GUIDA (HORROR) PER RICONOSCERE I TUOI FIGLI
Anna Bergholm conosce la grammatica del genere (soggettive ansiogene e aggiranti alla Carpenter, occhi che scrutano negli armadi e carcasse smembrate, montaggio parallelo nei picchi di tensione), amministra topoi (l’uccisione del corvo) e ferri del mestiere (coltelli sguainati in salotto e accette sospese su culle d’infanti in camera da letto), rivisti con sensibilità aggiornata a un moderno jeu de massacre domestico, che fa a fette il quadretto illlusorio della famigliola borghese in villetta, e ne insozza il selfie zuccheroso tra la carta da parati a fiori e le morbide tinte pastello dei filtri social.
Hatching si muove con perizia tra spazi, tempi e corridoi della suspense di un thriller claustrofobico da cameretta degli orrori, con vista pessimistica su un mondo di adulti che frana tra esasperata intrusione dominante (la madre tiranna) e un’assenza così tragica e patetica da risultare perfino comica (l’insulso padre dal sorriso ebete, in polo rosa, calzoni kaki e ordinato maglioncino sulle spalle). Un’inquietante allegoria delle intrinseche contraddizioni e dei poli opposti del femminile, incarnati in una maternità mostruosa e duplice (benigna e assassina, cannibale e nutrice), trasmessa ai figli come il contagio di una tara ereditaria.
Un coming of age di ingresso all’età del dolore come una rilettura fiabesca dell’attraversamento di una soglia che comporta l’abbandono dell’innocenza e la perdita di sangue (quello mestruale del quale il padre di Tinija crede di vedere le macchie sul letto, senza comprendere nulla). Come inevitabile processo di rinascita e fisica reincarnazione nella propria metà oscura: la scomoda e raccapricciante accettazione del lato più fosco e repulsivo di ogni identità in fieri, che si vorrebbe nascondere sotto un tappeto visivo di splendente e imperturbabile sicurezza normativa da famiglia modello.

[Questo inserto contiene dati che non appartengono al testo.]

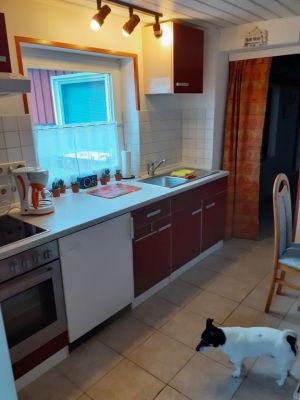 mit Ceranfeld/Backofen,Kühlschrank mit Eisfach,Spüle und Blick in den Garten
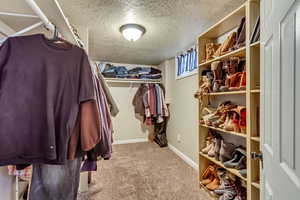 Walk in closet featuring carpet floors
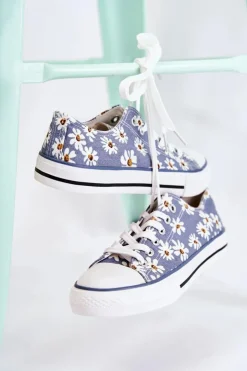 Damskie Boto Niskie Damskie Trampki W Kwiaty Niebieskie Janey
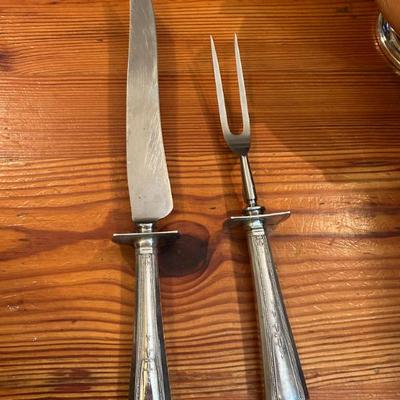 Sale Photo Thumbnail #16: Sterling silver handles and stainless steel meat carving set. $95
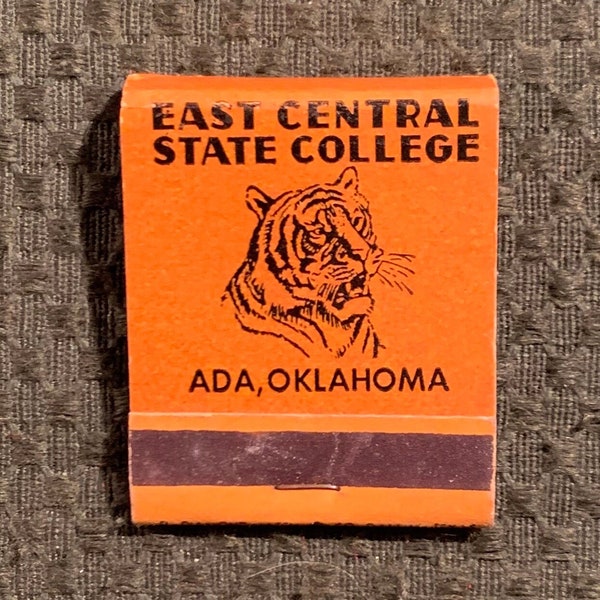 Vintage Matchbook, East Central State College, Ada, Oklahoma, Front Strike, W/ 20 Match Sticks, FREE SHIP In UsA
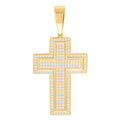 925 Sterling Silver Yellow-Tone Unisex Cz Cross Religious Charm Pendant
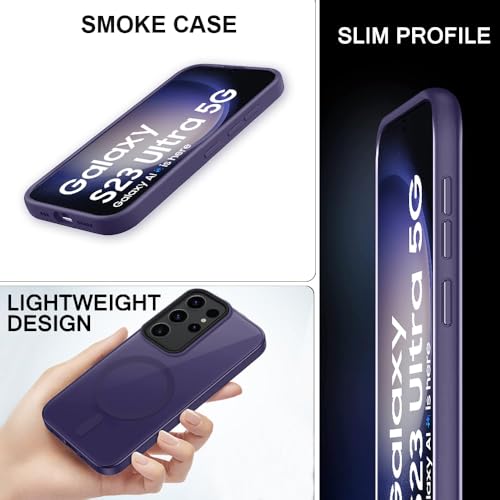 Image of SIZUKA Samsung S23 Ultra Magsafe Hard Back Case | Matte Design & 360 Protection | Military-Grade Samsung S23 Ultra Cover | Strong Magnet Back - Purple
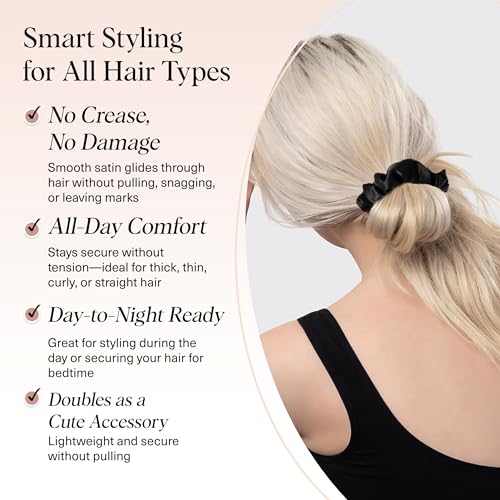 Kitsch Satin Scrunchies for Women | For All Hair Types - Black, 5pcs - color: Black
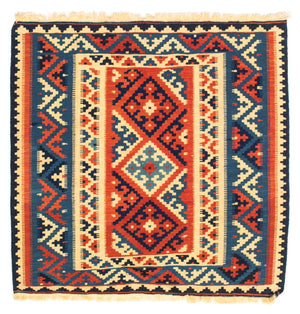 Alfombra Kelim - Oriental cuadrado  - 104 x 101 cm - multicolor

In un andamento compatto ma tutto sommato prevedibile, il film di Bergholm si tiene in equilibrio tra la tensione sottile e impalpabile che si irradia dal volto ambivalente e del doppio corpo, vulnerabile e aggressivo, della protagonista (la bravissima Siiri Solalinna, stretta nel tormento interiore tra una fragilità indifesa e un’impressionante maturità) e le eruzioni cutanee di orrore puro.
Ciò che colpisce meno è la satira trasparente e non troppo ficcante – forse perché non proprio nuovissima – delle video-ossessioni social. Così come manca, forse, un vero colpo d’ala registico capace di rendere Hatching un horror davvero sovversivo e potentemente disturbante sul duello tra genitori e figli, come The Innocents (2021) di Eskil Vogt (del quale resta insuperata la scena della sadica vendetta sul materno a opera del piccolo villain telecinetico). Dall’uovo di Anna Bergholm, sguscia comunque fuori una gradita e affilata sorpresa orrorifica da non mancare in sala.